Tariq Ramadan conseiller ès lutte contre l’islamisme radical auprès du gouvernement britannique. L’intellectuel suisse a été choisi avec douze autres personnalités pour réfléchir aux moyens d’empêcher les jeunes musulmans de prendre la voie de l’extrémisme, selon The Guardian. L’information, non officiellement confirmée, l’a été implicitement par un député membre du groupe. Extrémiste masqué ou libéral sincère, le petit-fils de l’Egyptien Hassan el Bana, fondateur des Frères musulmans, suscite la polémique partout où il passe.

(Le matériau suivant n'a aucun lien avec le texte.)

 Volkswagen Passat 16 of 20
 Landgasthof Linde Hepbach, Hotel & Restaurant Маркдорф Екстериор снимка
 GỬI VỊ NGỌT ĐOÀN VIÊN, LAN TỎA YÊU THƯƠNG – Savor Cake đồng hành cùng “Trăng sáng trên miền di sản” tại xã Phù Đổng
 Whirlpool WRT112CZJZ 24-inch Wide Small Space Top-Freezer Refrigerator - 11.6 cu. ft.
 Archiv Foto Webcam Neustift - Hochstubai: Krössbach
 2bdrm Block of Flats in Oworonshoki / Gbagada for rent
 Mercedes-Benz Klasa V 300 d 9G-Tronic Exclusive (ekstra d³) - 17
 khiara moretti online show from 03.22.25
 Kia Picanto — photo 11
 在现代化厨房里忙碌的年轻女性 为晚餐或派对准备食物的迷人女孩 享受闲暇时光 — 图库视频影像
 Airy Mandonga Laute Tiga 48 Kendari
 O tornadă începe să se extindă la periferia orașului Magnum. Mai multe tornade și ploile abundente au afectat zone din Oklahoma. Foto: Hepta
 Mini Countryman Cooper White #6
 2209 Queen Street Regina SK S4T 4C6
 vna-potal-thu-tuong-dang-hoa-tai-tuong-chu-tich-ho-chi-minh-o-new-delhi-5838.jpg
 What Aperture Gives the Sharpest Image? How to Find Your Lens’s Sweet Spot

Le 24 juillet dernier, le professeur Tariq Ramadan a été invité par la police métropolitaine de Londres à donner une conférence où il exprimait son refus de la violence. Un peu plus de deux semaines après les attentats du 7 juillet, l’événement a parfois eu du mal à passer. Photo en Une, le journal The Sun l’a présenté comme le « visage aimable de la terreur [séduisant] les jeunes musulmans ». The Independent l’a au contraire décrit comme « l’un des plus brillants espoirs de réconciliation entre les musulmans et le reste de la société ». Les autorités britanniques ont-elles tranchées ? Ou se servent-elles de la double influence de l’intellectuel suisse ?
Persona grata
Le 24 août, Londres a publié la liste des « comportements inacceptables » pouvant conduire à une expulsion du Royaume-Uni. « Fomenter, justifier ou glorifier la violence terroriste », « chercher à provoquer des actes terroristes » et « fomenter la haine pouvant mener à des violences entre les différentes communautés » font partie de ces comportements cités par le ministre de l’Intérieur Charles Clarke. Classé par le magazine Time parmi les cent innovateurs du XXIe siècle, pour ses travaux sur la création d’un islam européen indépendant, Ramadan n’est apparemment pas concerné. Il pourra donc honorer son nouveau poste d’universitaire -associé – sans fonction d’enseignement – à l’Université d’Oxford pour la rentrée 2005-2006.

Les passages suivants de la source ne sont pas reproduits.